* Source data
-- -- --

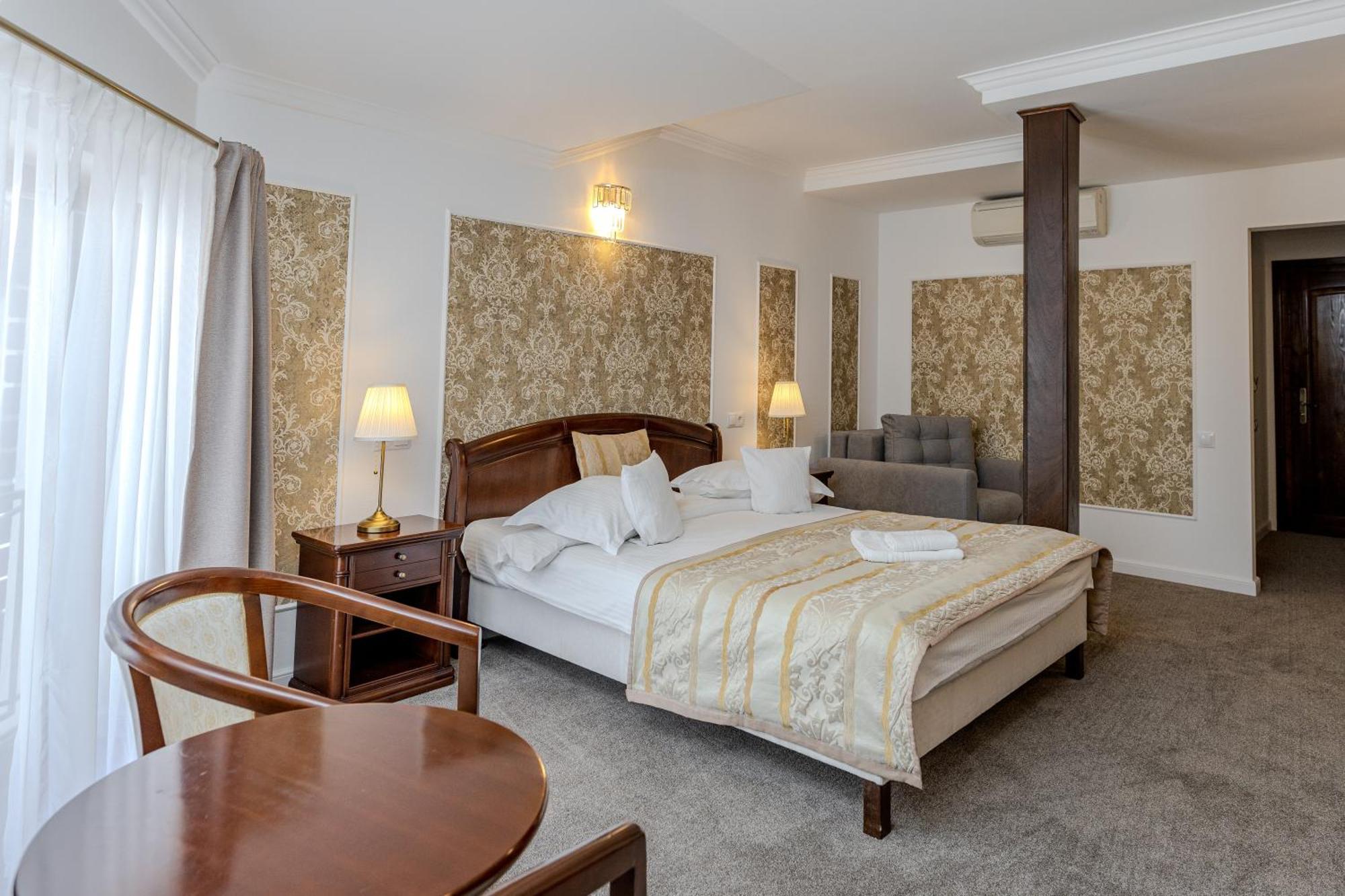La Maison De Caroline Alba Iulia Exteriör bild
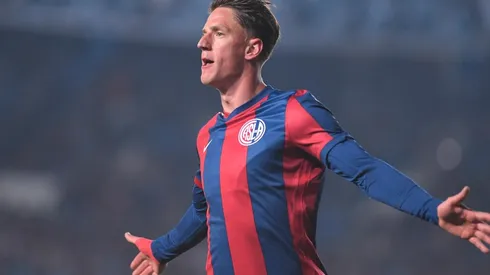 Andrés Vombergar, el nuevo candidato a nueve de Colo Colo 2023.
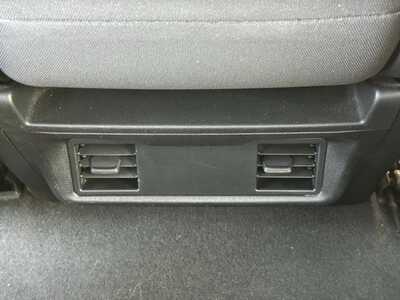 2022 Chevrolet 1500 Crew Cab, $31895. Photo 7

-- -- --

* Your instructions
What the answer must hold: all the data above, given again exactly, without pictures.

* Exercise response
La Maison De Caroline Alba Iulia Exteriör bild
 Andrés Vombergar, el nuevo candidato a nueve de Colo Colo 2023.
 2022 Chevrolet 1500 Crew Cab, $31895. Photo 7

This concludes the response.